Ben Bosence, brick and tile maker and plasterer

17th February 2022  |  CASE STUDIES | OUR STORIES

Ben Bosence, brick and tile maker In 2020 Ben Bosence of Local Works Studio was awarded funding through the Endangered Craft Fund for his ‘Winning the Clay’ Project, a historic term for finding clay materials suitable for making bricks and tiles.

The Endangered Craft Fund Grant was used to purchase a Roller Pan Mixer to enable the processing of materials sourced from site. These materials could include waste clay excavated from foundations, utilities and site works, crushed waste brick, concrete and other aggregates, waste glass, local chalk and other materials.

Ben speaks of how he used to work for a Sussex based brick making company, and has witnessed the craft decline in this area and also (very dramatically) in Stoke on Trent in the early 2000’s.

“We are keen to tell the story of the craft – how buildings and landscapes were built using local materials, often very local, as brick making and the firing ‘clamps’ were located at the construction site. Rather than mine for raw materials, there is a huge opportunity to tell the story of collecting local raw clay and sand materials that are being excavated and removed from the area, whilst new bricks and tiles – often transported from other countries – are being used for buildings and landscape projects in Sussex.”

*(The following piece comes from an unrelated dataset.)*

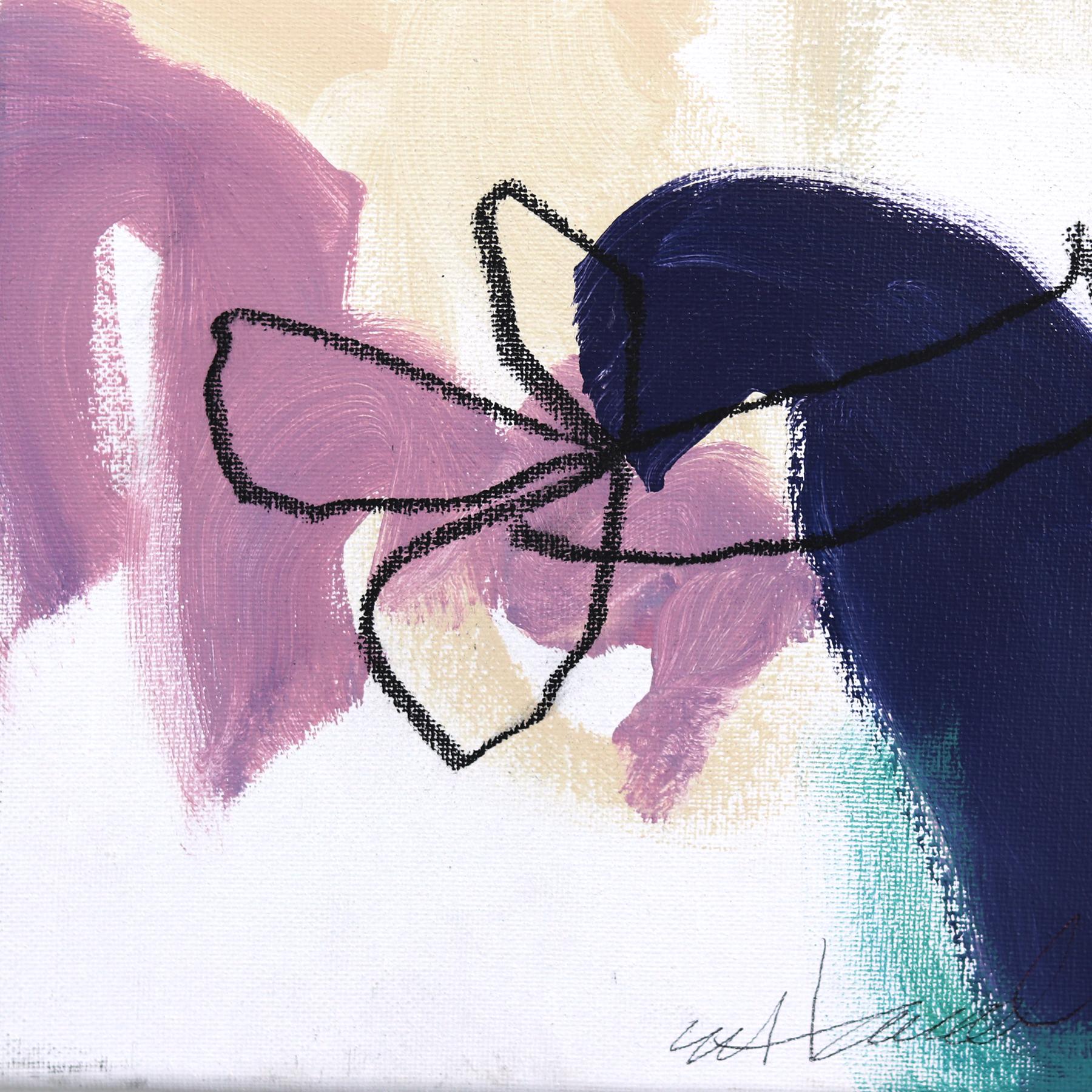 Elise - Colorful Pastel Figurative Abstract Feminine Portrait Painting on Canvas For Sale 5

Community Brick Making, The Exchange (photo credit Ben Bosence)The first of many projects to benefit from this was the Exchange Erith. This is a community owned project that seeks to engage the local community in wide range of activities and workshops around making and developing crafts skills. As part of this they are creating a garden space designed by Sarah Price with handmade brick paving by Local Works Studio. These bricks were made using waste materials from site and Crayford Brickearth clay. Erith was once at the centre of the brick making trade that used Crayford Brickearth, a rare, locally occurring sedimentary deposit containing a blend of clay, chalk and sand particles. It was the material used to make the majority of Victorian London’s famous yellow stock bricks. By the 1960s a diminishing supply of clay, led all local brickyards to close.

Community Brick, The Exchange (photo credit Ben Bosence)The bricks themselves were made by local people in a series of community engagement events.

“Many people came to the brick making session because they had relatives who worked in the local brick trade. They were full of stories of their parents or grandparents who had made bricks.”

Local Works Studio is now using the Roller Pan Mixer on a range of other projects including grinding chalk plaster for a listed building in Plumpton and a chalk-clay plaster for a new build in the South Downs.



Project outline

  • Project funding: £2,000 from the Heritage Crafts Endangered Craft Fund
  • Project aim: To develop and make bricks and tiles from waste clay and other materials that have been excavated locally.